Please transcribe only the lines between the one containing "Fraser Hill Farm" and the end of the records, both ends included, exactly as written; skip every picture.
^^^^^^^^^^^^^^^^
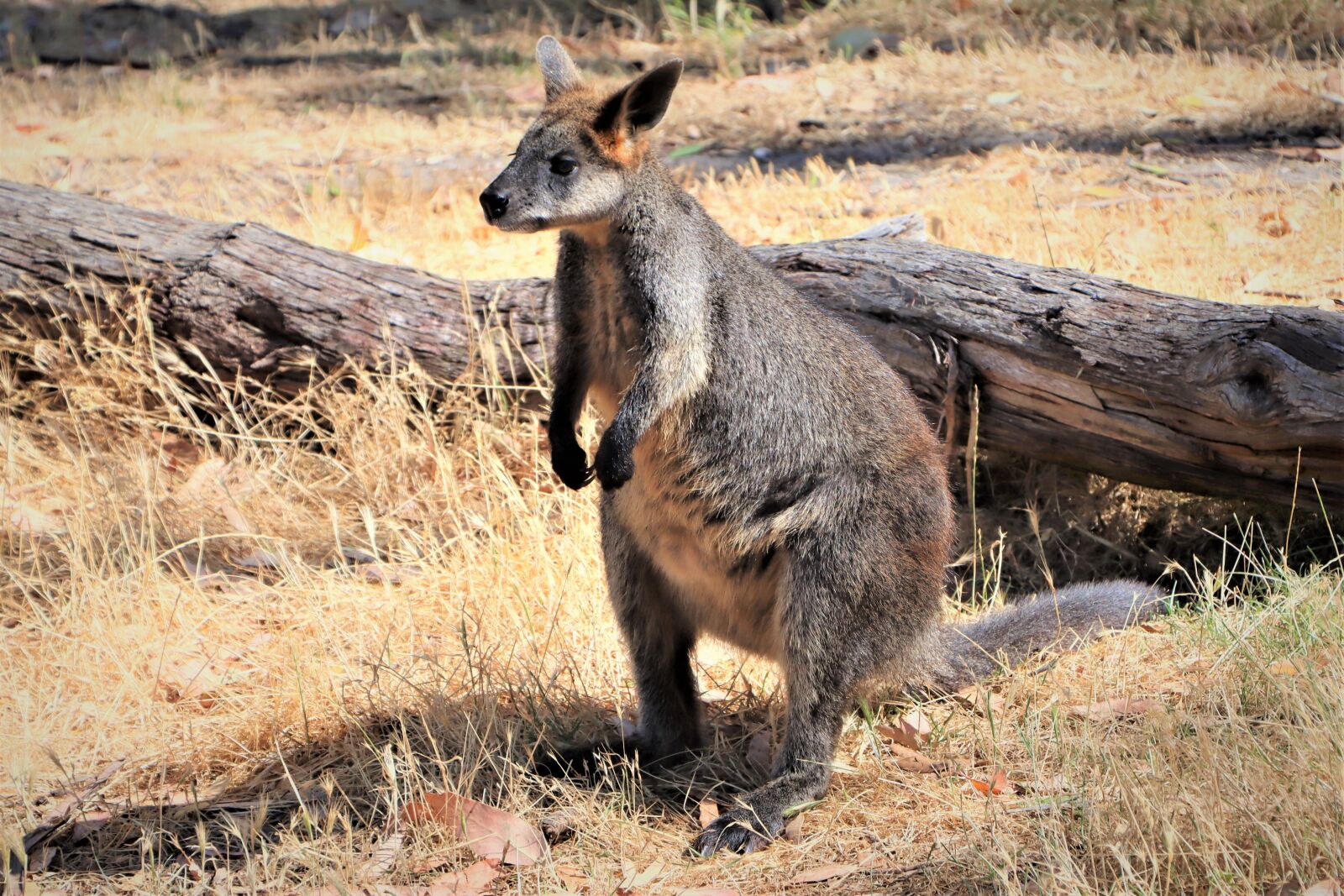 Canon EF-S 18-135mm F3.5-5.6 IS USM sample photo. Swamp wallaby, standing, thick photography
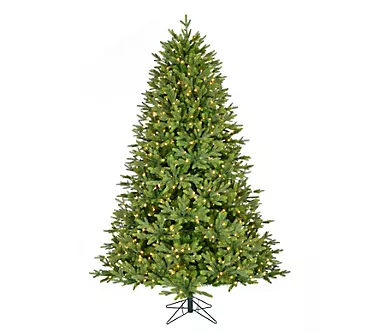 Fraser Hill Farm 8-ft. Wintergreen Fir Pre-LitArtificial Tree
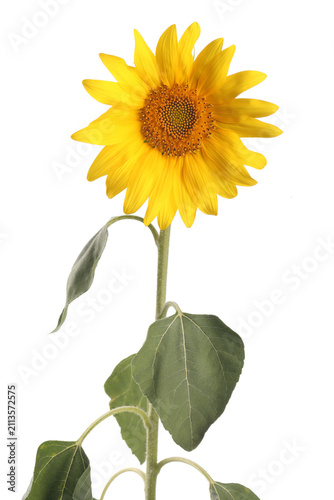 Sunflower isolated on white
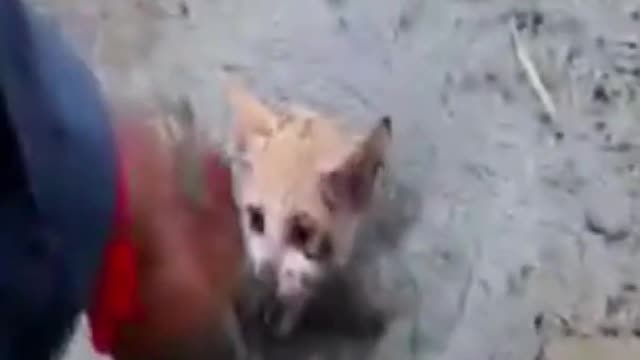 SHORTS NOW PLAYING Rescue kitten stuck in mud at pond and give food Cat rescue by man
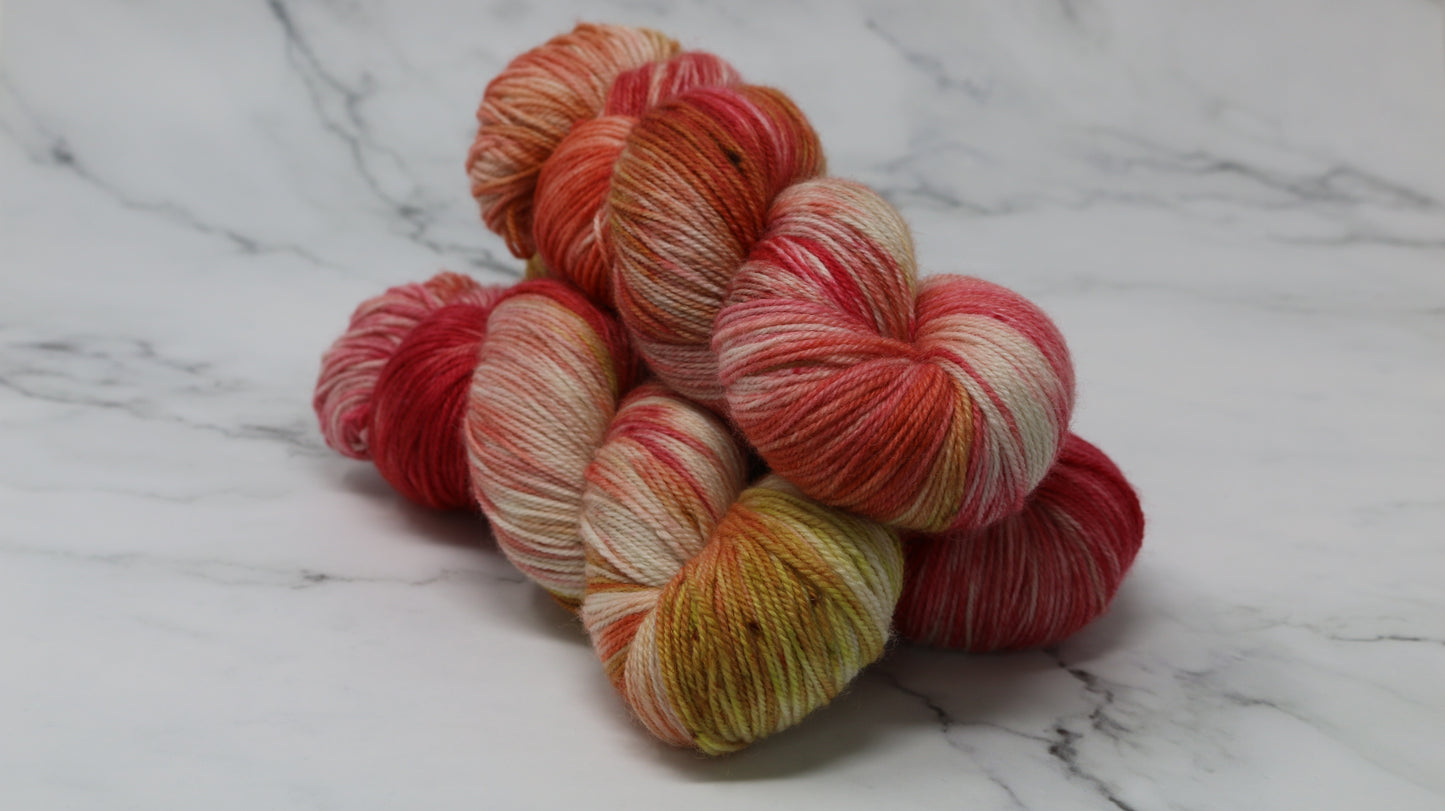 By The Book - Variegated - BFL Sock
^^^^^^^^^^^^^^^^
Answer to the exercise>
 Fraser Hill Farm 8-ft. Wintergreen Fir Pre-LitArtificial Tree
 Sunflower isolated on white
 SHORTS NOW PLAYING Rescue kitten stuck in mud at pond and give food Cat rescue by man
 By The Book - Variegated - BFL Sock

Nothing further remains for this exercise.